Students Fete Faculty Research Mentors Benz, Jacobitz
This event occurred in the past
Wednesday, December 17, 2014
Students Fete Faculty Research Mentors Benz, Jacobitz
The best faculty award possible is one in which your own students tell you about the impact you’ve made on them.That was the cherished way in which Chemistry Professor Lauren Benz and Mechanical Engineering Professor Frank Jacobitz were celebrated Dec. 10 as the newest recipients of the University of San Diego's Outstanding Faculty Research Mentor Award, presented by the Office of Undergraduate Research.
“Traditionally, the award has been open to faculty and students to nominate, but this is the first time we’ve kept it just to the students,” said Office of Undergraduate Research Director Sonia Zarate. “We felt it is the students who really know how faculty mentor and how deserving they are.”
Jacobitz was feted by Will Dow, a senior electrical engineering major who first met his mentor during his first-year preceptorial class, Honors Engineering 101, in the fall of 2011.
Dow recalled that Jacobitz assigned him and other freshman students to began a three-semester research project tied to creativity in engineering education. This group prepared a lecture that would be given to all freshman engineering classes in Spring 2012.
Jacobitz led the evaluation of the results en route to having a conference publication in 2013 called “Free Your Mind — Unlocking You Inner Creativity.”
This experience, Dow said, “provided my classmates and I with a thorough introduction to university-level research, including internal review board standards, statistical analysis and publication writing. These skills have helped me every year since and now more than ever in the midst of my senior project.”
The connection between Jacobitz and Dow flourished. One office visit to Jacobitz provided Dow with his own unique research experience tied to the former’s work on the simulation of blood flow in microvessel networks. Dow’s project goal was about simulating blood flow in the microvessels of the human Conjunctiva. So far, the results, Dow said, contrast the characteristics of diabetic and healthy networks. Through this experience, Dow has displayed two posters, has given an oral presentation at three different conferences and has received two USD Summer Undergraduate Research Experience (SURE) grants.
“Over the past three years, Dr. Jacobitz has been more than generous in mentoring and sharing knowledge with undergraduate students,” Dow said. “Our conversations have extended beyond the discussion of specifics with our research projects to include advice about college, graduate school and professional work. I will be applying to graduate school in engineering in the coming months with a great head start thanks to his help.”
Benz, who arrived at USD in 2009 as Clare Boothe Luce Assistant Professor in Chemistry and is a 2013 recipient of a National Science Foundation (NSF) CAREER Award, has made an impact on several students. Her range of mentorship was evident as two students, freshman Emilio Grijalva, and senior biochemistry major Bette Webster, expressed their thanks for Benz’s mentorship.

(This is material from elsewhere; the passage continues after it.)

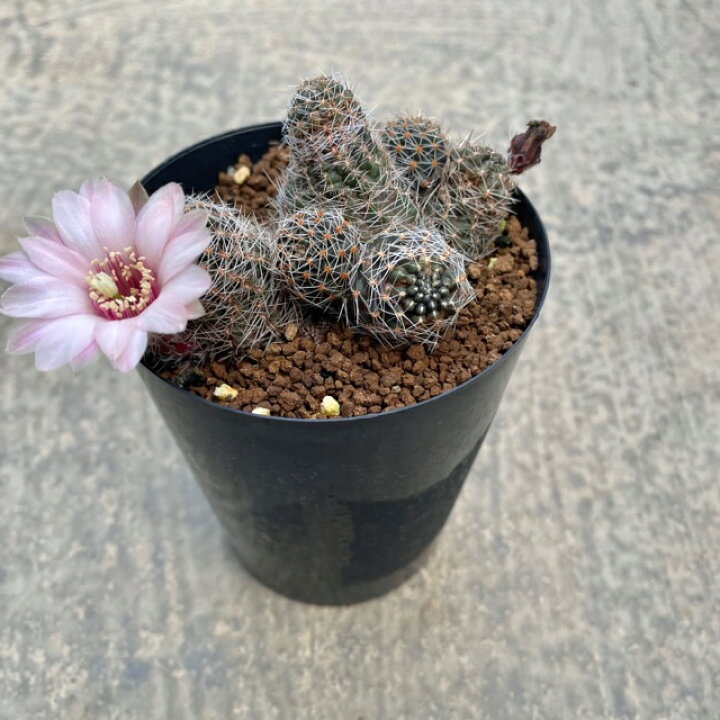 楽天市場 Mediolobivia メディオロビビア オルレンシス 3号鉢 サボテン 多肉植物 希少 珍奇植物 レア 珍品 珍しい インテリア 観葉植物 グリーン 人気 おうち時間 プレゼント ギフト おしゃれ 花のまちころぼっくる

Grijalva came to USD this year and was able to work with Benz through USD’s Pre-Undergraduate Research Experience (PURE) program. A PURE student is paired with a faculty member the summer before his or her first semester at USD. His project focused on finding ways to use nanoporous materials in environments to slow the process of global warming.
Webster said she’s been blessed to have Benz in her corner both for research purposes and a steady influence regarding graduate school opportunities and as a support system. Benz has been with Webster at every step, even maintaining contact with while Webster did a study abroad trip in New Zealand last summer. But, perhaps, the biggest asset was Benz’s insistence that Webster apply for the Beckman Scholars program.
The university last February was awarded $130,000 by the Irvine, Calif.-based Arnold and Mabel Beckman Foundation to fund five Beckman Scholar Awards made payable over a three-year term. The award supports each recipient’s research efforts for a full academic year, meaning Webster has spent productive time working on her research during this fall semester and will again in the spring.
Webster’s research in Benz’s lab focuses on solid-state gas storage, which allows a large amount of gas to be stored in a small volume. These gases can be used as alternative fuel sources and/or converted into other molecules. Webster’s work has been focused specifically on “studying the potential for a surface called ZIF-8, a porous structure, to be used for such gas storage and molecular conversions.”
Given the research work that students have done under the direction and support of Benz and Jacobitz, the faculty winners said their experience has been very rewarding.
“The real gift is just being and learning with the students. They’re all so talented,” Benz said. “It’s so fun to watch them go from timid students working in the lab, maybe afraid to turn a knob, trying to give my advice about that to toward the end of their careers here, they’re running the show. … They are fantastic at what they do. It’s awesome to work with them every day.”
Jacobitz, who arrived at USD in 2003, feels the award is twofold: “The award recognizes my part of this endeavor, which relies on having faculty-to-student action, but the students are just as important in accomplishing the work. It’s meaningful to me that my work gets recognized, but it also reflects on the quality and dedication of the students.”